EXERCISE INPUT »
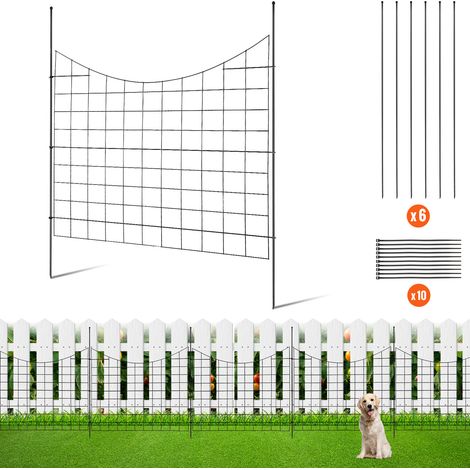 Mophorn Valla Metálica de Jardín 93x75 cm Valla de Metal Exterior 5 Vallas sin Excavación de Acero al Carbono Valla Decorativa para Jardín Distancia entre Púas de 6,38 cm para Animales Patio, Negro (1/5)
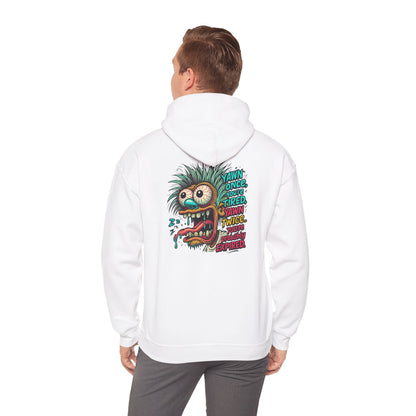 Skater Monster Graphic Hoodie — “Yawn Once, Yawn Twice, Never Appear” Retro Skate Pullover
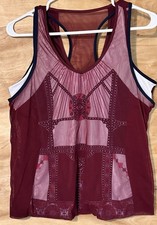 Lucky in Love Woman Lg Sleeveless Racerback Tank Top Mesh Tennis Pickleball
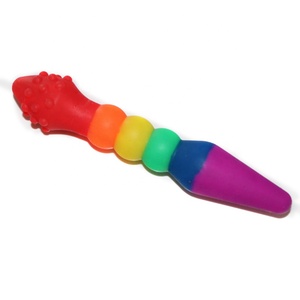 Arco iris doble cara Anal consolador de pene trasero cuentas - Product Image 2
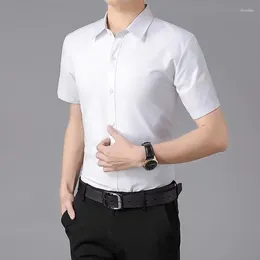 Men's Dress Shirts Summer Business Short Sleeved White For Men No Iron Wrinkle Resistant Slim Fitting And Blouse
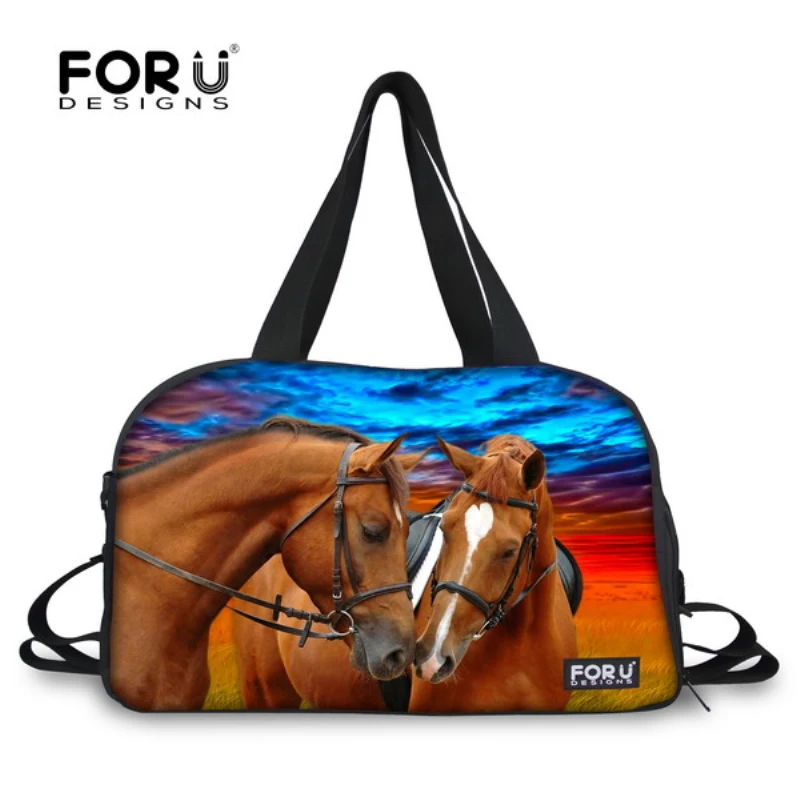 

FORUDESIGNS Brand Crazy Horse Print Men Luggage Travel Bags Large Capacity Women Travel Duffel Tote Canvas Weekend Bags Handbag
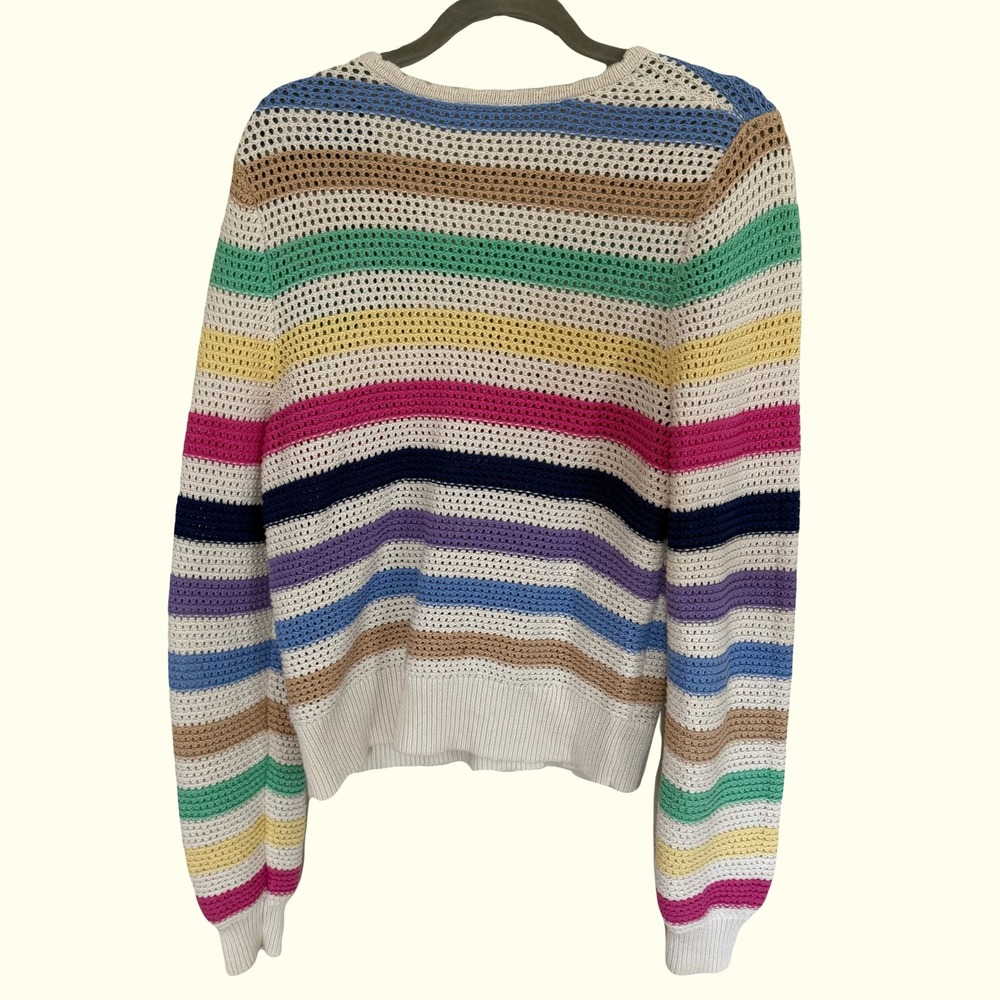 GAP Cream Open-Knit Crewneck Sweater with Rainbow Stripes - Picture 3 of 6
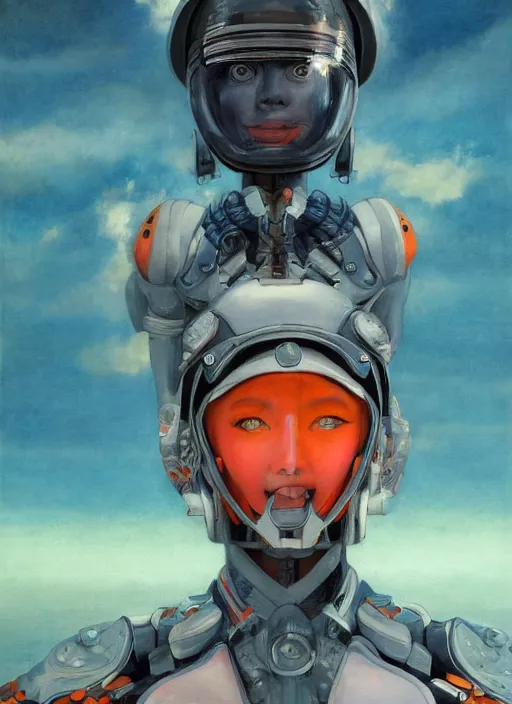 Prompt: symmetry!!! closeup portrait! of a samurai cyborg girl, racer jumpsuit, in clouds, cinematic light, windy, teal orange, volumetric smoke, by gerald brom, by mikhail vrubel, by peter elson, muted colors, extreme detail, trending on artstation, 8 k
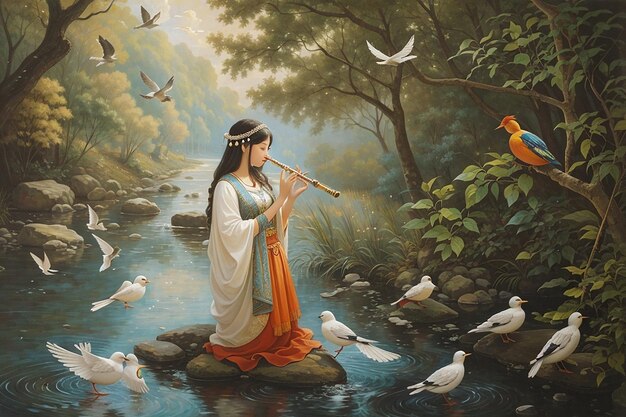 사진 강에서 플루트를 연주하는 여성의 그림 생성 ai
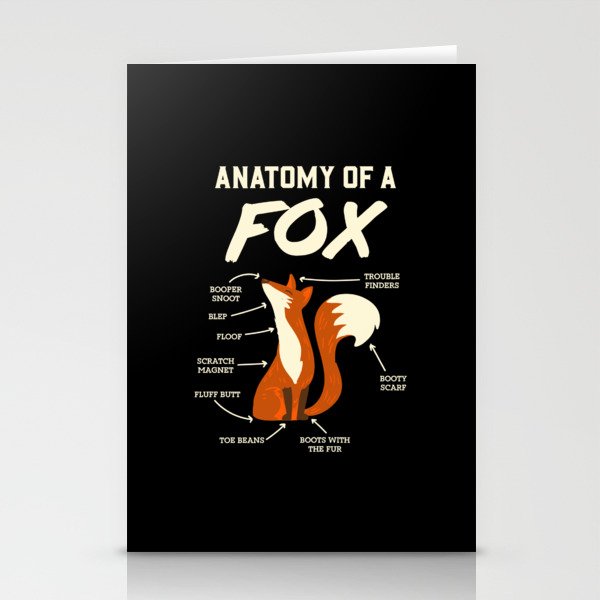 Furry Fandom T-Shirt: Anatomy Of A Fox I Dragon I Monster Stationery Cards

EXERCISE DIRECTIONS »
Give every record again word for word, pictures excluded.

EXERCISE RESPONSE »
 Mophorn Valla Metálica de Jardín 93x75 cm Valla de Metal Exterior 5 Vallas sin Excavación de Acero al Carbono Valla Decorativa para Jardín Distancia entre Púas de 6,38 cm para Animales Patio, Negro (1/5)
 Skater Monster Graphic Hoodie — “Yawn Once, Yawn Twice, Never Appear” Retro Skate Pullover
 Lucky in Love Woman Lg Sleeveless Racerback Tank Top Mesh Tennis Pickleball
 Arco iris doble cara Anal consolador de pene trasero cuentas - Product Image 2
 Men's Dress Shirts Summer Business Short Sleeved White For Men No Iron Wrinkle Resistant Slim Fitting And Blouse

FORUDESIGNS Brand Crazy Horse Print Men Luggage Travel Bags Large Capacity Women Travel Duffel Tote Canvas Weekend Bags Handbag
 GAP Cream Open-Knit Crewneck Sweater with Rainbow Stripes - Picture 3 of 6
 Prompt: symmetry!!! closeup portrait! of a samurai cyborg girl, racer jumpsuit, in clouds, cinematic light, windy, teal orange, volumetric smoke, by gerald brom, by mikhail vrubel, by peter elson, muted colors, extreme detail, trending on artstation, 8 k
 사진 강에서 플루트를 연주하는 여성의 그림 생성 ai
 Furry Fandom T-Shirt: Anatomy Of A Fox I Dragon I Monster Stationery Cards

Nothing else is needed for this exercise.